REPUBLIKA.CO.ID, JAKARTA -- Keenganan dua terpidana mati kasus Narkoba yang merupakan anggota kelompok Bali Nine menandatangani surat pernyataan kesanggupan menjalani eksekusi mati menunjukkan ketidakpercayaan mereka terhadap integritas proses hukum Indonesia.
Koordinator Komisi untuk Orang Hilang dan Korban Tindak Kekerasan (Kontras), Haris Aziz Azhar mengatakan sejumlah tindakan yang ditunjukkan penegak hukum Indonesia dinilai memicu kondisi tersebut.
"Bagaimana mereka akan meyakini kalau proses hukumnya tidak berintegritas ? Ini terkait nyawa manusia, bukan hanya sekedar proses hukum," katanya kepada Republika, Selasa (28/4)
Menurutnya, duo Bali Nine dan tersangka kasus narkoba lain mengalami beberapa hal yang kurang baik selama proses hukum.

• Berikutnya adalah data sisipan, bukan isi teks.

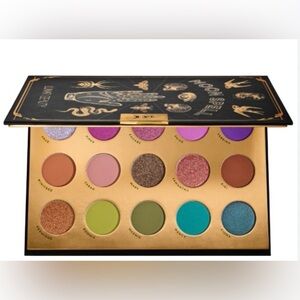 Lunar Beauty moonspell Eyeshadow palette Discontinued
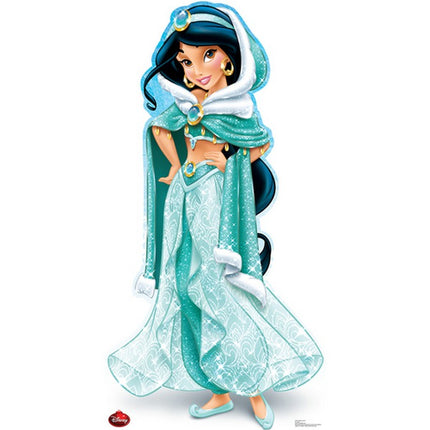 Jasmine Holiday Limited Edition Cardboard Cutout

Ia mencontohkan, ketiadaan penerjemah bagi tersangka dan salah menyebut asal negara sebagai contoh sederhananya.
"Dari hal-hal kecil semacam itu, bisa dilihat seperti apa komitmen proses peradilan hukum di Indonesia. Bisa dibilang kurang bersungguh-sungguh. Wajar jika tersangka dan masyarakat internasional meragukan proses hukumnya," jelasnya.
Seperti diketahui, duo Bali Nine, Andrew Chan dan Myuran Sukumaran telah mengetahui tanggal eksekusi mati bagi keduanya. Namun, hingga kini keduanya masih enggan menandatangani surat pernyataan kesanggupan menjalani eksekusi mati.
Berbagai tekanan secara diplomatik maupun kedekatan kerjasama bilateral telah dilakukan untuk mengantisipasi eksekusi mati hukuman mati. Pihak Australia dan kuasa hukum keduanya pun masih menempuh berbagai cara untuk membatalkan hukuman mati ini.